Why a managed service may be the answer
According to TehTarget, a managed service is an arrangement where an organisation outsources the responsibility for the functionality of their IT services and equipment to a managed service partner, paying a regular fee for receipt of the service.
A managed service enables companies to relinquish the support and management of various components of their ICT infrastructure, applications and software to an expert that has far more collective experience in their field than an in-house IT department or resource.
For the organisation this means that they can focus entirely on their core business operations without needing to worry about their IT and data management. Businesses whose core function is not IT should not have to take on the added strain of managing IT and data when all they require is the results of those solutions.
A data management and backup service takes the strain away. They offer the expertise, the latest technology, and the scalability to give customers the results and services they need without worrying about how they are delivered. Service Level Agreements ensure that services and data are available, secure and accessible.
Organisations who prefer to keep their own infrastructure can leverage an outsource partner to take over the management of their services. In this way, as they grow, their managed service provider can expand their environment without the organisation having to purchase new equipment or space. Managed services can also assist with the transition to cloud, as many managed service partners, today, leverage the cloud to offer their own services.

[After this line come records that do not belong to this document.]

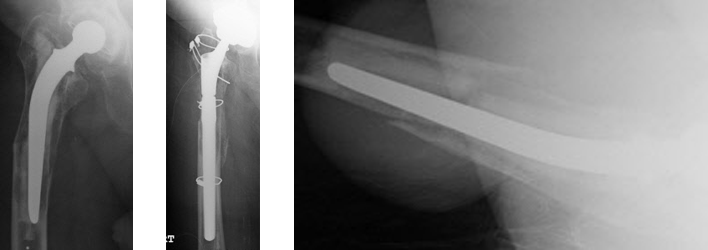 AP hip x-ray showing loose hip replacement and lateral x-ray showing the peri-prosthetic fracture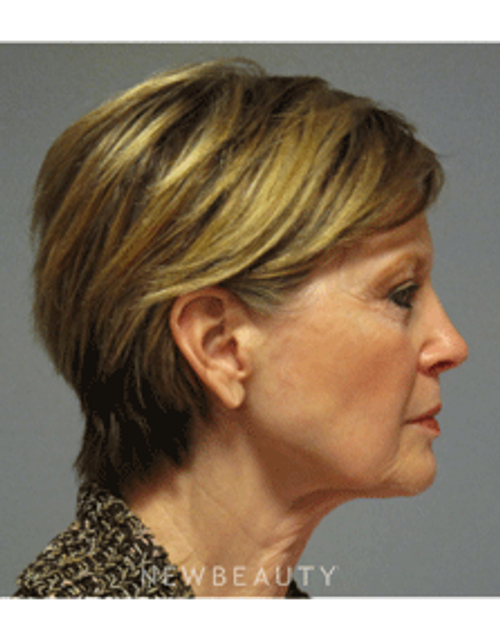 Dr. Mentz - Eyelift, Facelift, Necklift - Before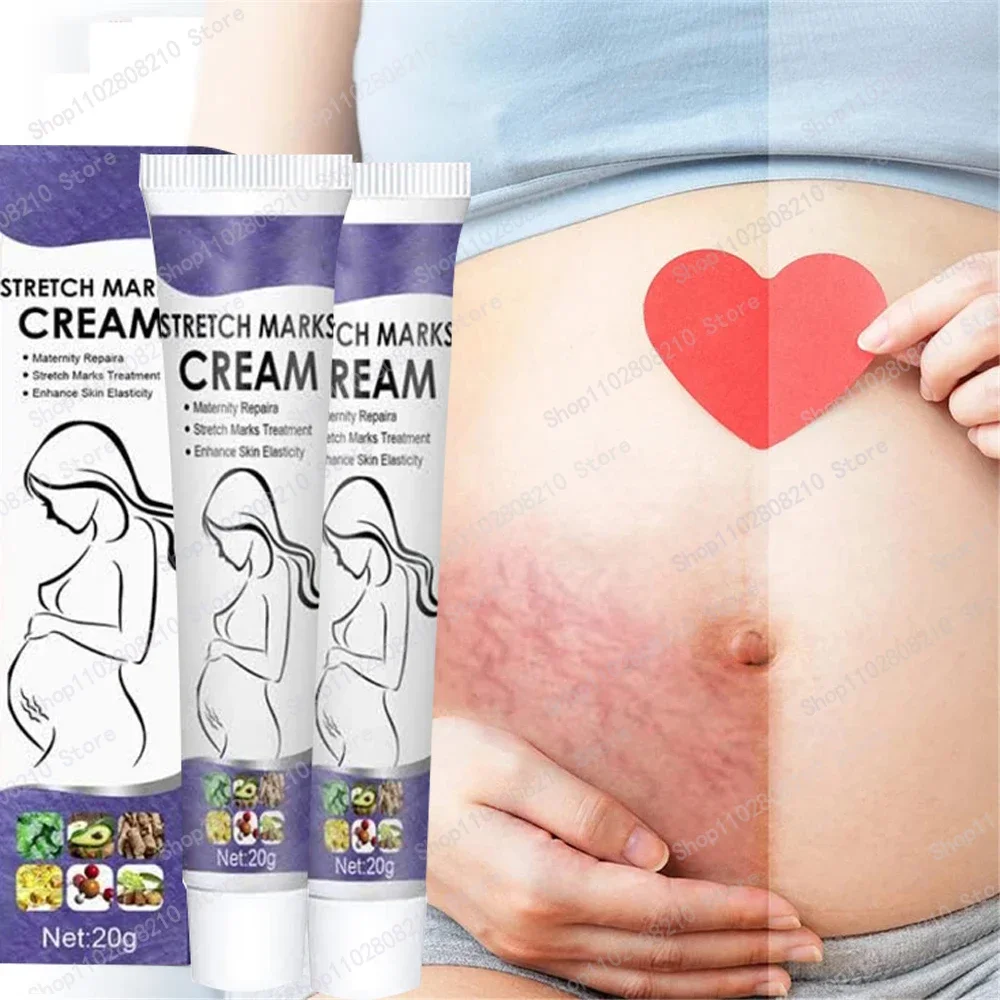 

Cream For Pregnancy Stretch Marks Removal Eliminate Red White Old Stretch Marks Oil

Nevertheless, it is important to choose a mangled service provider who are able to offer flexible, scalable solutions that are secure and deliver on the organisation’s business needs. Managed services may remove the responsibility and dependency on skilled staff, however control of the services received and how the data is managed still remains with the organisation receiving the managed service. Organisations can determine their preferences, ensuring that services delivered are aligned with business goals and compliance requirements.
A managed service is the best of both worlds. Whether managed services are offered on existing infrastructure, a hybrid of both existing and cloud, or a move to the cloud entirely, they provide organisations with the peace of mind that comes with receiving best of breed services, without worrying about how it’s done.